Während der gesamten Zeit der Herrschaft der preußischen Könige und deutschen Kaiser in Pommern diente das Schloss als deren Residenz in Stettin. 1840 wurden die königlichen Gemächer im Nordflügel auf Geheiß von Friedrich Wilhelm IV. umgestaltet. Dieser Flügel wurde aufgestockt, wobei die Renaissance-Attika beseitigt wurde. Außerdem wurden die auf der Hofseite noch erhaltenen Arkaden liquidiert. Dafür errichtete man ein Treppenhaus mit einer verglasten Galerie und einem Abstieg zu den Schlossgärten im ehemaligen Wassergraben. Schließlich wurde an der Ecke des Nord- und des Ostflügels ein hoher hexagonaler neugotischer Aussichtsturm errichtet. Durch diese Baumaßnahmen verlor der ehemalige Sitz der Greifenherzöge großenteils seine Renaissancegestalt. Von der Stadt und der Oder her gesehen präsentierte sich das Schloss jetzt im Einklang mit dem romantischen Zeitgeschmack als mächtige mittelalterliche Burganlage.

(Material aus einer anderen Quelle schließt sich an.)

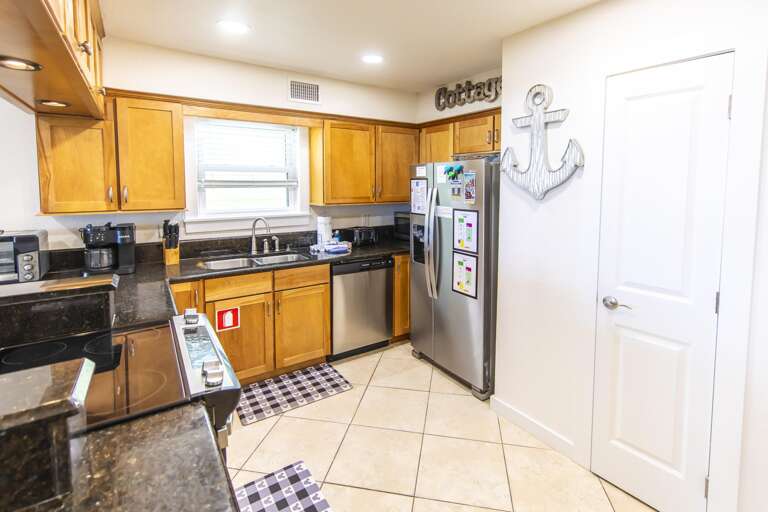 Kitchen with honey oak cabinets, black granite countertops, stainless steel appliances, and tiled floor.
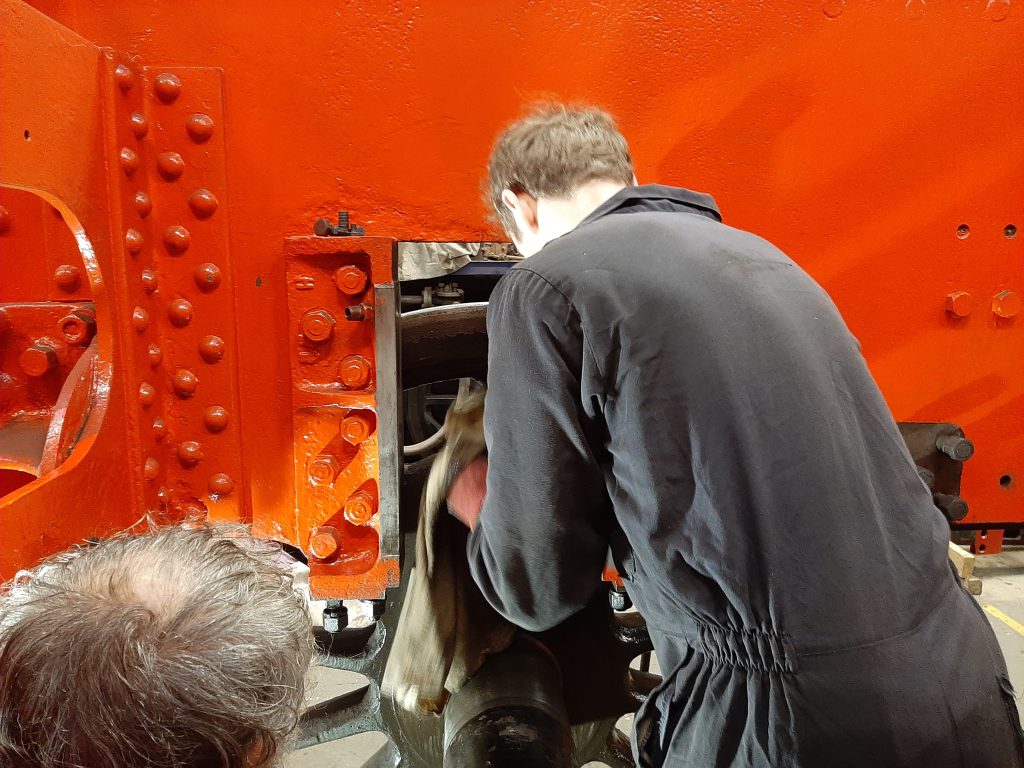 Sam cleaning the inside of one of 5643's wheels.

Im frühen 20. Jahrhundert wurden in Zusammenhang mit neuen Gedanken in der Denkmalpflege und wissenschaftlichen Untersuchungen über die Geschichte der Greifen, Bemühungen angestrengt, dem ehemaligen Sitz der Pommernherzöge seinen alten Glanz zurückzuverleihen. Allerdings wurden keine umfangreicheren Konservierungsarbeiten unternommen, sondern man beschränkte sich lediglich auf Einzelmaßnahmen an bestimmten Gebäudeteilen und Innenräumen. Im Jahr 1900 verließen das Schloss zahlreiche bislang dort untergebrachte Behörden, sodass viele Räume ungenutzt standen. Die größte Konservierungsmaßnahme betraf die Schlosskirche. In den 1908–1909 wurde eine Renovierung vorgenommen, bei der die Wände und Gewölbe mit einer von dem Berliner Maler Paul Kutschmann entworfenen historisierenden Wandmalerei im Stil der Neurenaissance mit architektonischen und ornamentalen Motiven bedeckt wurde.